I bought 20 snails from ebay and split them up between 4 tanks and have yet to see any babies. This is over 3 months ago.

Rhomzilla: What do you mean by "kinds of snail"? Do you mean like a certain species of them or what? I thought a snail is a snail <shrug>.

Everybody tells me they multiply like rabbits, etc. but mine arnt, are ALL species of snails asexual or what?


----------



## RhomZilla (Feb 12, 2003)

ezlife said:


> Rhomzilla: What do you mean by "kinds of snail"? Do you mean like a certain species of them or what? I thought a snail is a snail <shrug>.

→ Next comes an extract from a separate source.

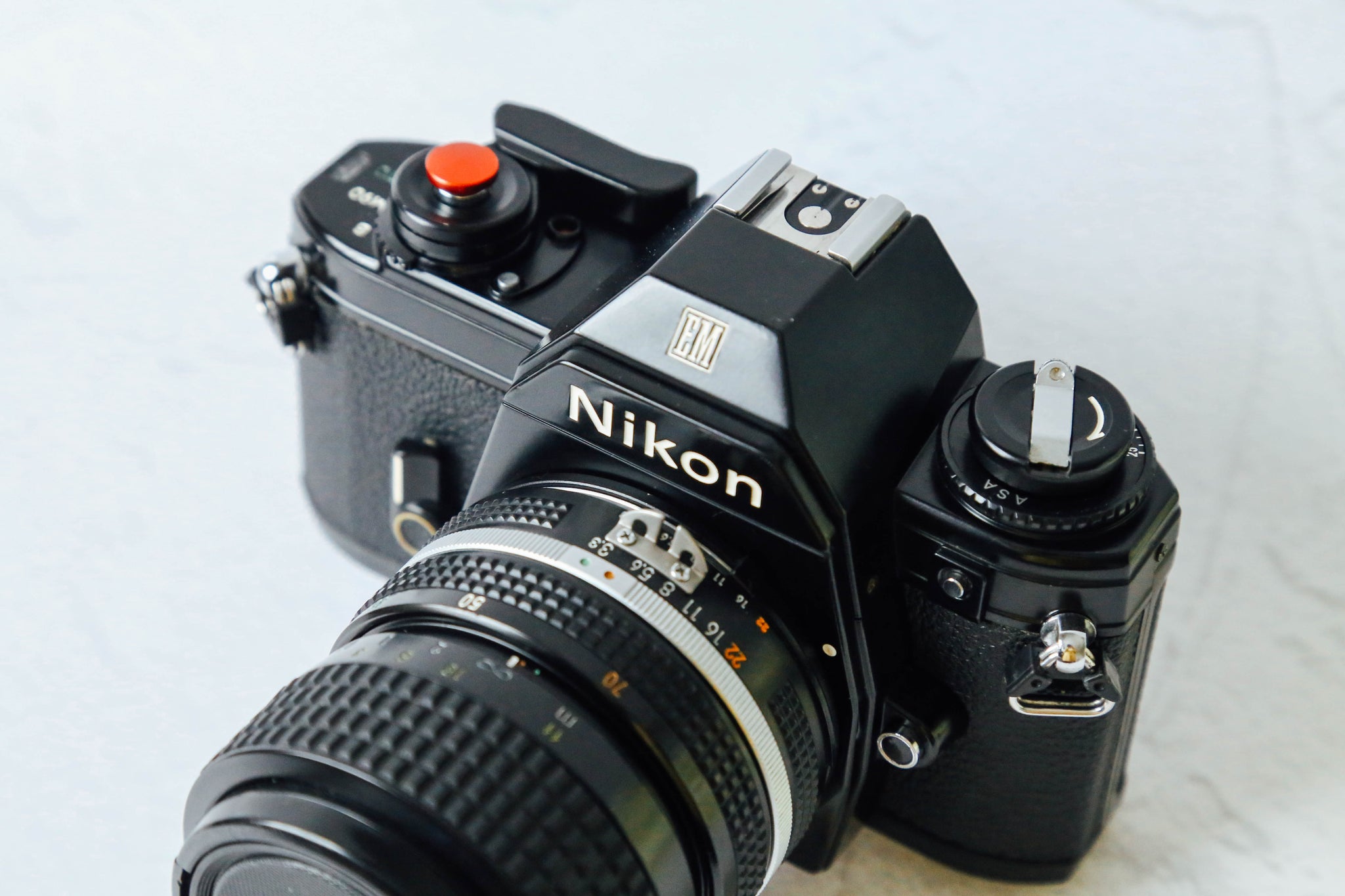 Nikon EM & 35-70mmF3.5-4.5【完動品】初めてのフィルムカメラに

 Im not the expert on knowing the common or scientific name of these snails. I know off hands that the large ones you buy at LFS aren't the kinds im talking about. The ones most people are referring to are tiny as most gravel, black, pointed but round shelled, and usually move pretty fast. I never bought these snails, but accidently came in the same bag of feeders from a LFS. Also, one of the employees told me that these snails usually come with feeders when shipped to help maintain and eliminate alot of watses from goldfishes when being shipped. I had a pix of it on PFish, but the pix got erased.


----------



## ezlife (Jan 25, 2003)

Rhomzilla,

Ok i know what your talking about. I remember a few times i bought plants at petsmart or walmart and after i took apart the lead weight, there were some small gravel size snails like you are talking about.

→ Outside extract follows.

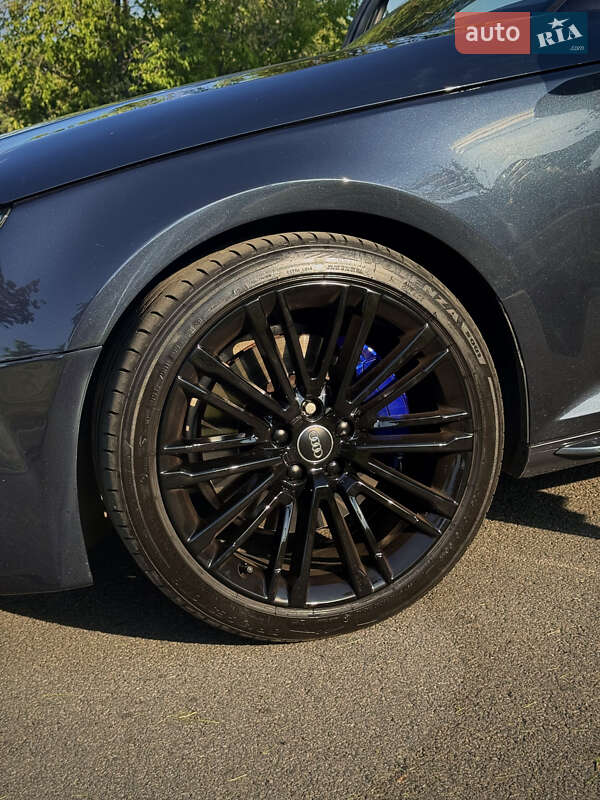 Седан Audi A4 2016 в Днепре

Do you (or anybody else) knwo about those big snails if they multiply? I always thought the small gravel size ones will grow into the large ones, but i dunno.


----------



## RhomZilla (Feb 12, 2003)

ezlife said:


> Rhomzilla,
> 
> Ok i know what your talking about. I remember a few times i bought plants at petsmart or walmart and after i took apart the lead weight, there were some small gravel size snails like you are talking about.
> 
> Do you (or anybody else) knwo about those big snails if they multiply? I always thought the small gravel size ones will grow into the large ones, but i dunno.

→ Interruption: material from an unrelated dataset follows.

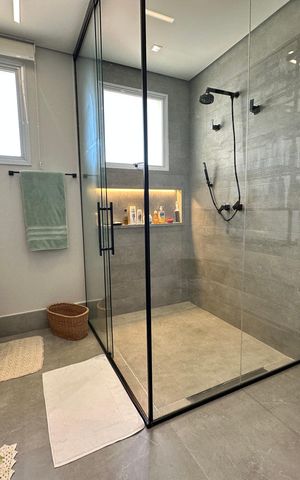 Apartamento à venda com 284m², 3 quartos e 5 vagas Apartamento à venda com 284m², 3 quartos e 5 vagasBanheiro da Suíte 1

 I, for one, dont have any idea on snails. BUt you might want to make a new thread pertaining info on snails species. I know off hand that some PFury members have mentioned and have different kinds of snails which they've bred or just have in their tanks.

Good Luck bro!!!


----------



## Black Piranha (Feb 1, 2003)

depends. if u have leaf plants than no. vines are ok like anachreas. but swords will be eaten


----------



## Crossett (Apr 1, 2003)

a little salt will kill the snails as well.


----------



## pcrose (Mar 9, 2003)

salt is for slugs does it work on snails too? There are many different kinds of snails.


----------



## baby_dragon (Mar 12, 2003)

I'm for snails. I used to have one that I won at a church youth group thing.. (What a prize!) I threw him in my aquarium I had at the time, and he got massive!! like 3-4 inches (I think that's big for a snail) If you don't have plants, I'd keep it. This snail climbed all over my hand when I put it in the tank, and ate lettuce and those spirula tablets. My pleco and him used to fight over them! Yeah, he eventually died somehow.


----------



## LizKnockedIt (Apr 1, 2003)

Snails react the same as slugs to salt. Yep.


----------



## NIKE (Jan 27, 2003)

i just noticed that i had snails in two of my tanks i only seen one in each so far but will be watching thats probably why my plants keep falling apart







i thought it was because i wasn't watering them enough







can snails kill rbp eggs


----------



## Murdoc (Feb 2, 2003)

a few time i have got some plants form my local pet store and had snail eggs on it. i notice them when there was about 100 samll snails crawling in my tank. most of them deid and left a mees of shells all over the bottom of my tank. thay can be a pain.


----------



## Innes (Jan 13, 2003)

ezlife said:


> Do you (or anybody else) knwo about those big snails if they multiply? I always thought the small gravel size ones will grow into the large ones, but i dunno.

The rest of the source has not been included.